In 1376, Pope Gregory XI returned from Avignon to Rome. He died shortly after, in 1378. The cardinals elected the Italian Urban VI. A faction of the College of Cardinals disputed the election of Urban VI and elected Clement VII the same year, who settled in Avignon.

This meant the beginning of the Great Western Schism in the Roman Catholic Church (1378-1417). Pedro de Luna was elected pope by the cardinals supporting Avignon in 1394, with the understanding that he would abdicate voluntarily if that would help to end the division in the church.

This he later refused to do, when asked to resign by the French princes who had been among his supporters. Eighteen of his 23 cardinals deserted him, and the papal palace in Avignon was besieged by the French (1398).

In 1403 Benedict escaped from the palace to Provence, rallied his cardinals, and won back the obedience of France. In 1408, the French declared themselves neutral in the dispute.

In 1409, a number of cardinals tried to end the rift during the Council of Pisa, by pronouncing both reigning popes of the day, Gregory XII (Rome) and Benedict XIII (Avignon) deposed. They elected Alexander V in their stead. Both popes refused to abdicate, with the result that there were now three reigning popes who considered themselves as rightful popes: Gregory XII, Benedict XIII and Alexander V.

Benedict still possessed the allegiance of some states, but had to take refuge in the castle of Peñíscola in 1415. The same year, the Council of Constance pronounced Benedict deposed, and elected Martin V in 1417, who was generally accepted.

This officially ended the Great Western Schism.

Benedictus lost all governmental recognition, except that of Armagnac (France) and of Scotland.

But he refused to yield to Pope Martin V, and maintained to the end of his life that he was the rightful pope. He created four new cardinals as late as November 1422.

Thus, Peñíscola prides itself in being a pontifical city, alongside Rome and Avignon, when Benedictus XIII took up his residence there (1415-1423).    

After the pontifical period, Peñíscola became one of the cities within the Kingdom of Valencia once again, the formation of which started with the conquests of Jaime El Conquistador in the 13th century.

Early Modern, Modern and Contemporary History

Dynastic Union: Ferdinand and Isabella (1479-1516)

In 1479, the crowns of the Christian kingdoms of Castile (roughly western Spain) and Aragon (roughly eastern Spain) were united by the marriage of Isabella I of Castile (1451 –1504) and Ferdinand II of Aragon (1452–1516; also known as Ferdinand V of Castile from 1474 onward).
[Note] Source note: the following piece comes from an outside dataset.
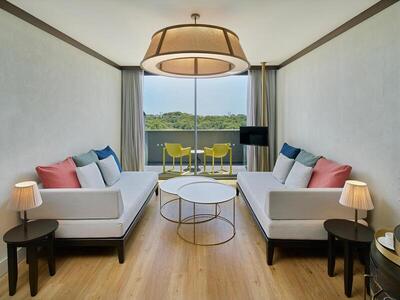 Voyage Belek Golf & Spa Hotel - King Suite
They married in 1469 and ruled as joint sovereigns over the kingdoms of Aragon and Castile. Their monarchy became the second most powerful one in Europe, after the Valois of France.

The Habsburgs (1516-1700)

Ferdinand died in 1516, and the crowns of the Spanish kingdoms devolved to his grandson, Charles I (1516–56). Charles was the ruler of the Netherlands and heir to the Habsburg dominions in Austria and southern Germany. This new union had not been planned in Spain, and at first it was deeply resented. In 1519, Charles was elected Holy Roman emperor as Charles V (Carlos I de España y Carlos V del Sacro Imperio Romano Germánico). The Habsburg dominion lasted from 1516-1700.
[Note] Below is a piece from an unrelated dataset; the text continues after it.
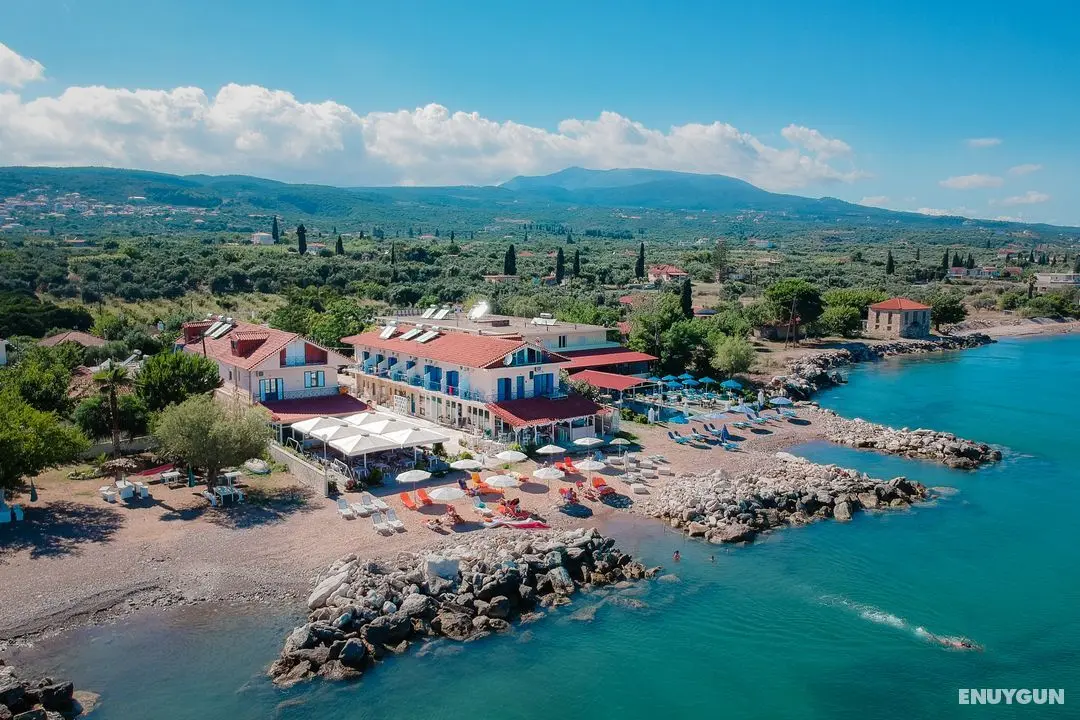 Aggelos Hotel - Genel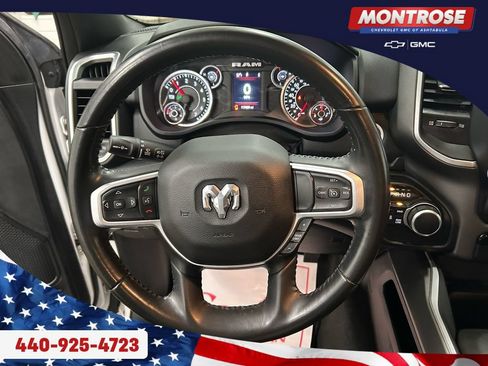 Used 2021 RAM 1500 Big Horn AWD/4WD image 15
During the rebellion of the Brotherhoods (Rebelión de las Germanías, 1519–1523), the castle of Peñíscola served as refuge for the viceroy of Valencia. The rebellion was a revolt by artisan guilds (Germanías, (hermano = brother)) against the policy of Charles V in Valencia.

Under Ottoman pressure and the constant threat of piracy, the castle was heavily fortified with the Renaissance walls, which were finished in 1578.

The Habsburgs dominated Spain and Europe politically and militarily for much of the sixteenth and seventeenth centuries, but experienced a gradual decline of influence in the second half of the seventeenth century under the later Habsburg kings.

The Bourbon Dynasty (1700-1808)

After the death in 1700 of Charles II, a period of severe local and international crises broke out. With the extinction of the Spanish Habsburg dynasty, the grandson of Louis XIV of France, Philip of Anjou, became (by the will of the childless Charles II) Philip V of Spain (1683-1746).

This heralded the Bourbon period in Spain. Spain and Luxembourg currently have monarchs of the House of Bourbon.

This appointment was subject to a severe international crisis and the War of the Spanish Succession (1701–14) broke out, and turned out to be a significant chapter in the modern history of Peñíscola.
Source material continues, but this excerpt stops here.